Deux explications à la baisse de la fécondité
Deux transformations majeures frappent la plupart des familles dans le monde depuis la fin du 20e siècle : la fécondité diminue et les mariages interviennent plus tardivement.
Ainsi, aujourd’hui, la moitié de la population mondiale vit dans un pays où la fécondité est relativement faible : 1,75 enfant par femme en moyenne en Europe et en Asie centrale ; 1,79 en Asie de l’Est et du Pacifique ; 1,82 en Amérique du Nord. Depuis les années 1990, la fécondité a baissé sensiblement en Amérique latine et aux Caraïbes : de 2,88 enfants par femme dans les années 1990 à 2,09 en 2015. En Asie du Sud, elle est passée de 3,85 à 2,52 enfants par femme en moyenne. Les diminutions les plus fortes se concentrent au Moyen-Orient et en Afrique du Nord : de 4,92 enfants par femme en moyenne à 2,82. Seule l’Afrique subsaharienne présente encore une fécondité supérieure à 4 enfants par femme, bien que le taux ait décru depuis trente ans (de 6,36 à 4,91).

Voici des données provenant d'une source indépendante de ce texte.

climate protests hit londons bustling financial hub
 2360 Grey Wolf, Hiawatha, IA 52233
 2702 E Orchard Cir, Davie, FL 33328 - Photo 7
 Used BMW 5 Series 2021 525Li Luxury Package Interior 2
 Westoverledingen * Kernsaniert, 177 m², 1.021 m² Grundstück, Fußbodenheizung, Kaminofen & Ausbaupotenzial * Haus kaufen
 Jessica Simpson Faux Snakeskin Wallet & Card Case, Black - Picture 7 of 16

La maîtrise des naissances s’explique par plusieurs causes combinées. L’une d’elles est l’intervention des États. La plus autoritaire en la matière fut la politique de l’enfant unique imposée en Chine de 1979 à 2015. Ailleurs dans le monde, les États sont intervenus pour faire baisser la natalité (par exemple, en Afrique, en Asie, en Amérique latine) ou, au contraire, la soutenir lorsqu’elle ne permettait pas de renouveler la population, notamment en Europe. Ainsi, en Afrique, 67 % des États déclaraient ne pas intervenir sur les naissances en 1976, en 2013. Ils ne sont plus que 7 % aujourd’hui. Idem, en Océanie, seulement 6 % des États n’interviennent pas et en Asie, 4 %. L’idéal d’une croissance démographique maîtrisée (ni trop forte ni trop faible) s’est imposé partout sur la planète. En 2015, la moyenne mondiale du taux de fécondité s’établit à 2,45 enfants par femme.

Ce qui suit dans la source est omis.